**Task**
Copy the material below verbatim from the line with "Ermis Suites - Photo 5" to the line with "Pass The Keys Stylish 2bed Unit Apartment", both lines included, omitting pictures and every line outside that range.

**Supplied material**
◇ ◇ ◇
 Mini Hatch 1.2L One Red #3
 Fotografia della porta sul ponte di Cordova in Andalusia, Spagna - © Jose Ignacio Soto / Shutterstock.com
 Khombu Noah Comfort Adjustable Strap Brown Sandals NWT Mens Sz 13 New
◇ ◇ ◇
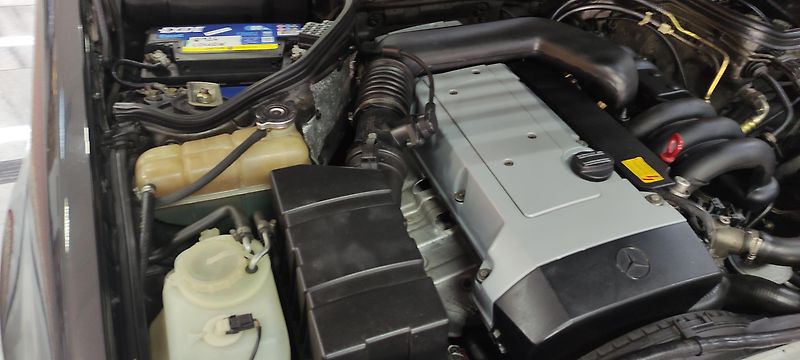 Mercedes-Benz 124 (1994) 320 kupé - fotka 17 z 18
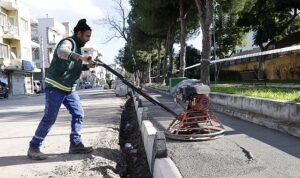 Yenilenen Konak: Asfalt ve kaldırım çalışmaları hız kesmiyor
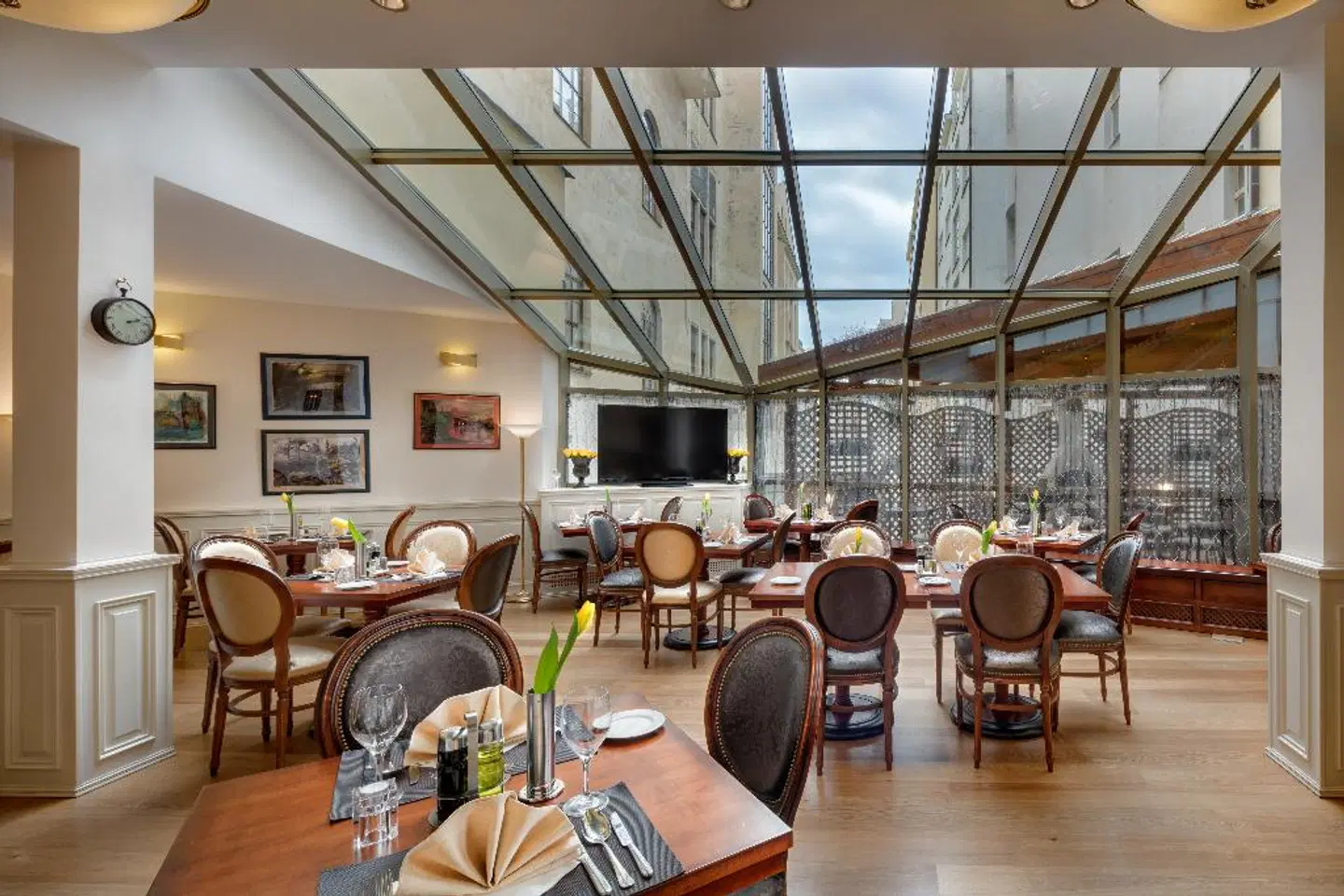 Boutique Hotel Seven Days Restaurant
◇ ◇ ◇
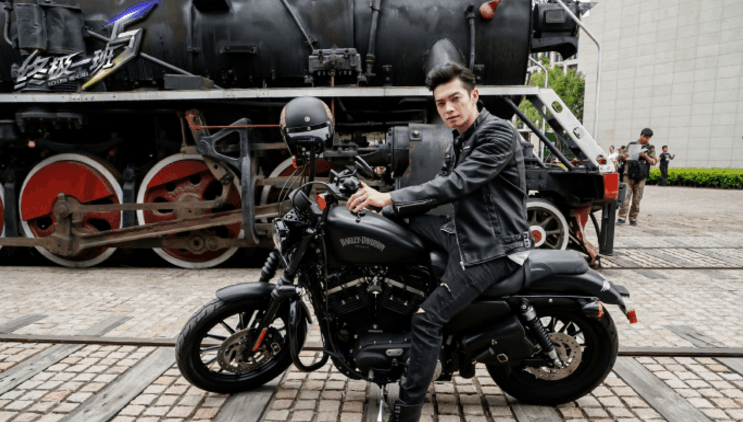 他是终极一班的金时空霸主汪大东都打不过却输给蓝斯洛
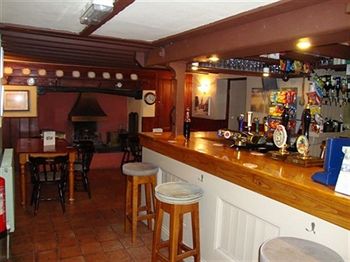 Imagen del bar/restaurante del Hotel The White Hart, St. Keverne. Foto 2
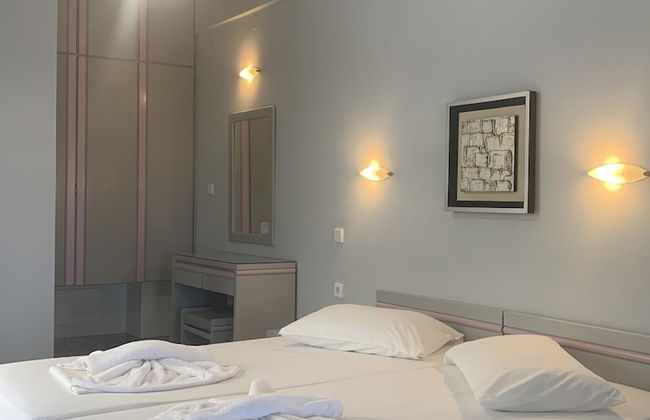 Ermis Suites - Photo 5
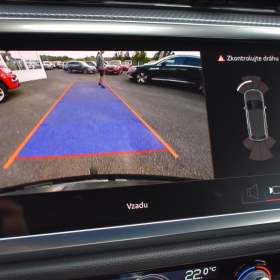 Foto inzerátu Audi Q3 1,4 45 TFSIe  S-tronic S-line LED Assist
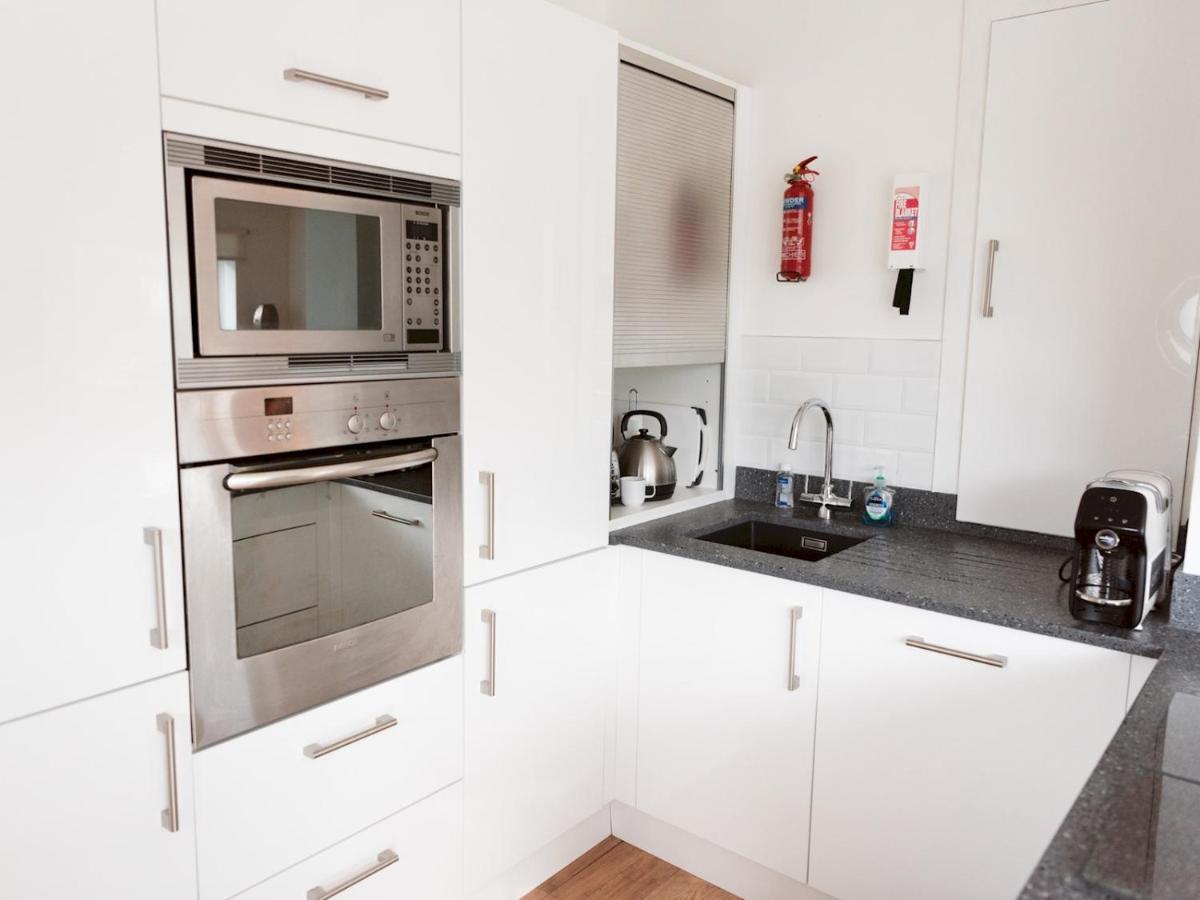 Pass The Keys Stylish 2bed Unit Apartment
◇ ◇ ◇
**Answer section**
 Ermis Suites - Photo 5
 Foto inzerátu Audi Q3 1,4 45 TFSIe  S-tronic S-line LED Assist
 Pass The Keys Stylish 2bed Unit Apartment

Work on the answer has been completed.